From "Mike O'Leary" <>
Subject Lucene 4.0 PerFieldAnalyzerWrapper question
Date Tue, 25 Sep 2012 23:57:05 GMT
I am updating an analyzer that uses a particular configuration of the PerFieldAnalyzerWrapper
to work with Lucene 4.0. A few of the fields use a custom analyzer and StandardTokenizer and
the other fields use the KeywordAnalyzer and KeywordTokenizer. The older version of the analyzer
looks like this:

public class MyPerFieldAnalyzer extends Analyzer {
  PerFieldAnalyzerWrapper _analyzer;

  public MyPerFieldAnalyzer() {
    Map<String, Analyzer> analyzerMap = new HashMap<String, Analyzer>();

    analyzerMap.put("IDNumber", new KeywordAnalyzer());

    _analyzer = new PerFieldAnalyzerWrapper(new CustomAnalyzer(), analyzerMap);

  public TokenStream tokenStream(String fieldname, Reader reader) {
    TokenStream stream = _analyzer.tokenStream(fieldname, reader);
    return stream;

In older versions of Lucene it is necessary to define a tokenStream function, but in 4.0 it
is not (in fact, TokenStream is declared final, so you can't). Instead, it is necessary to
define a createComponents function that takes the same arguments as the tokenStream function
and returns a TokenStreamComponents object. The TokenStreamComponents constructor has a Tokenizer
argument and a TokenStream argument. I assume I can just use the same code to provide the
TokenStream object as was used in the older analyzer's tokenStream function, but I don't see
how to provide a Tokenizer object, unless it is by creating a separate map of field names
to Tokenizers that works the same way the analyzer map does.
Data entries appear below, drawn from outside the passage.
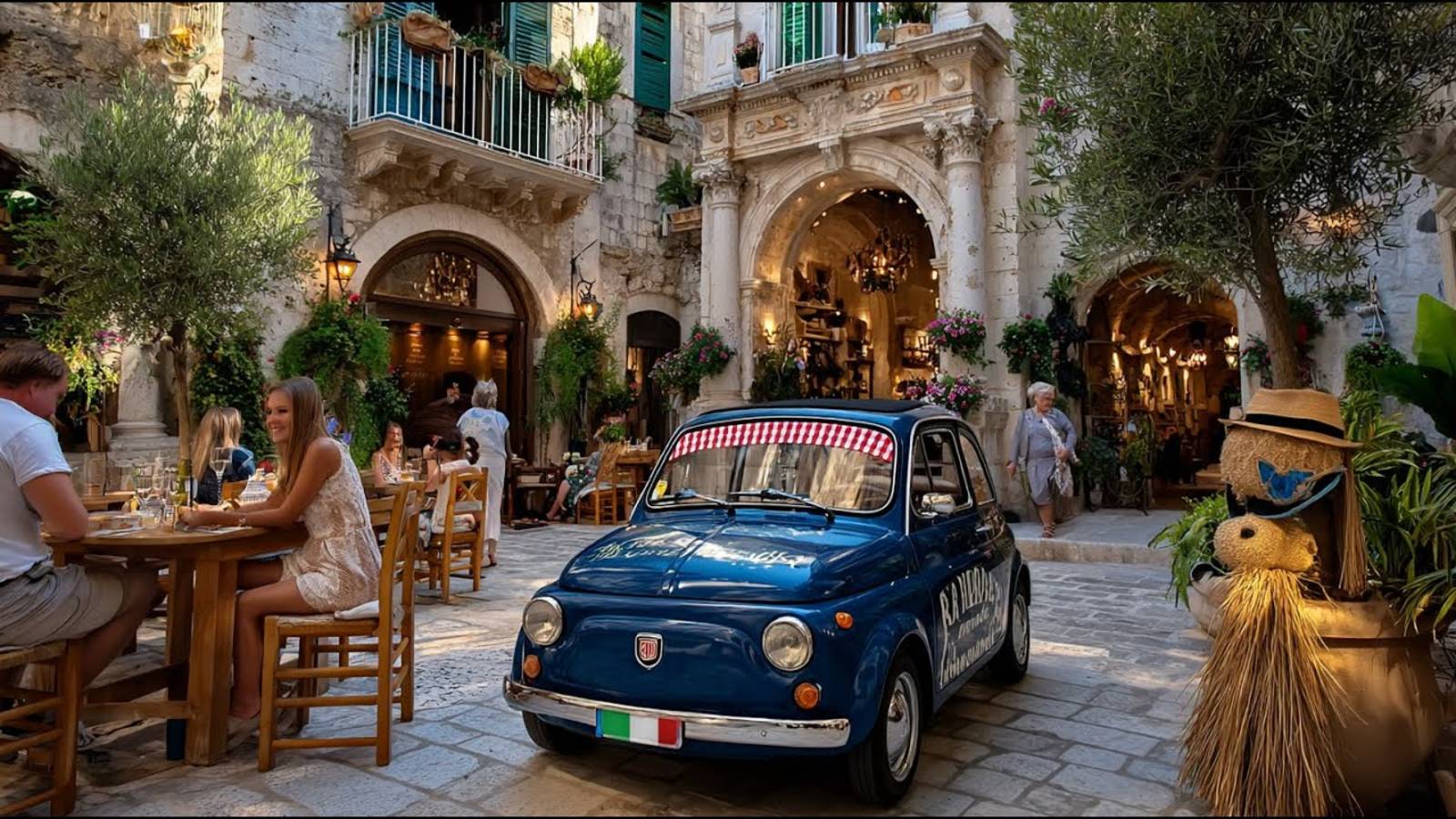 Монополи, Италия. Пешая экскурсия по городу Монополи на юго-востоке Италии в регионе Апулия смотреть онлайн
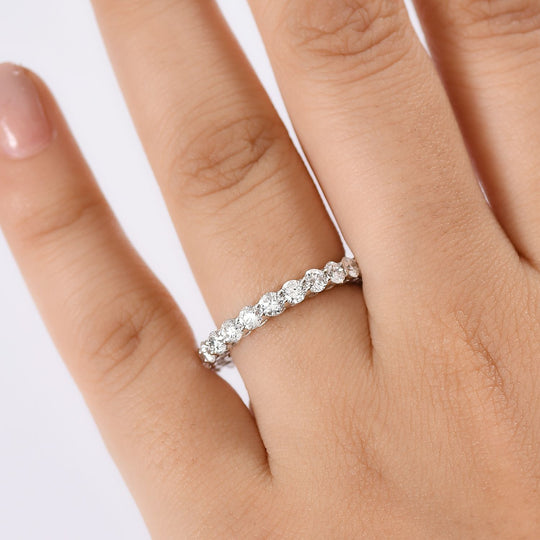 LUXURIANT DIAMOND - Lab Grown Diamant SI-GH Ring Ring 375 Weiß Gold (Größe 18.00) ca. 2.35 ct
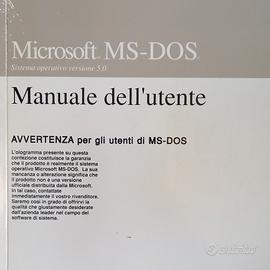 microsoft MS dos manuale utente originale vintage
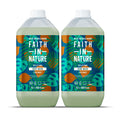 Faith In Nature Coconut Hand & Body Wash Set – Natural Vegan Refill 2 x 5L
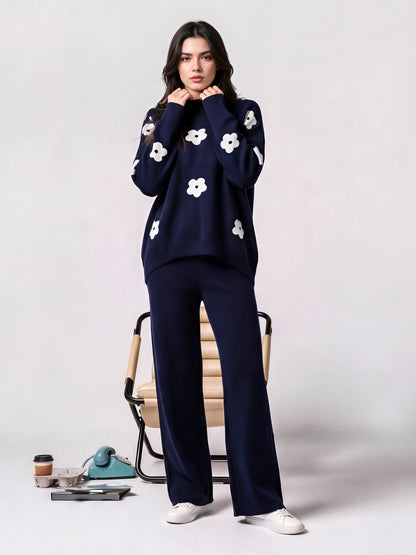 Woolen Jacquard Co-ord Set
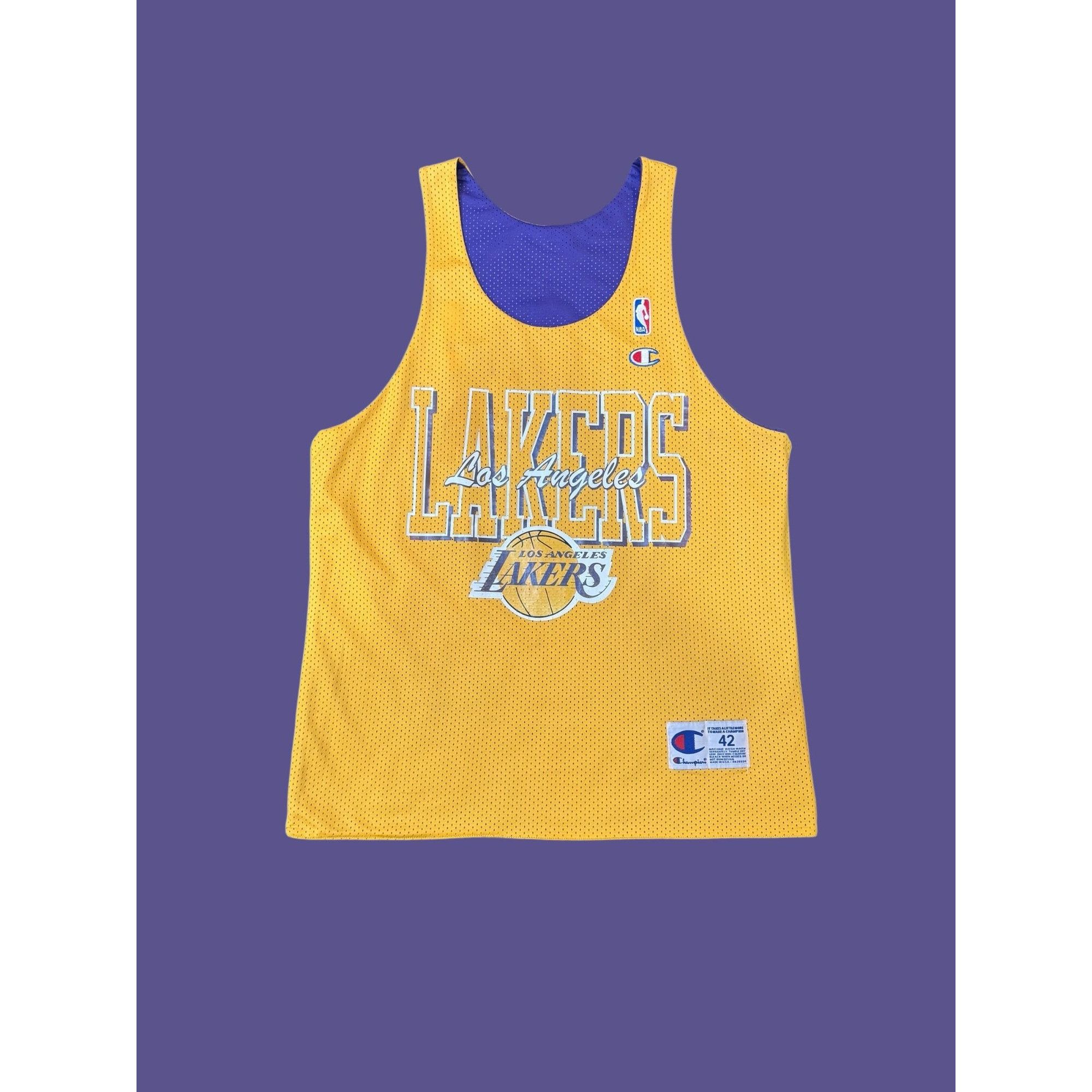 90s Los Angeles Lakers Reversible Jersey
Is that the best way to do this,
or is there a better way? For example, would it be better to inherit from AnalyzerWrapper
instead of from Analyzer? In that case I would need to define getWrappedAnalyzer and wrappedComponents
functions. I think in that case I would still need to put the same kind of logic in the wrapComponents
function that specifies which tokenizer to use with which field, though. It looks like the
PerFieldAnalyzerWrapper itself assumes that the same tokenizer will be used with all fields,
as its wrapComponents function ignores the fieldname parameter. I would appreciate any help
in finding out the best way to update this analyzer and to write the required function(s).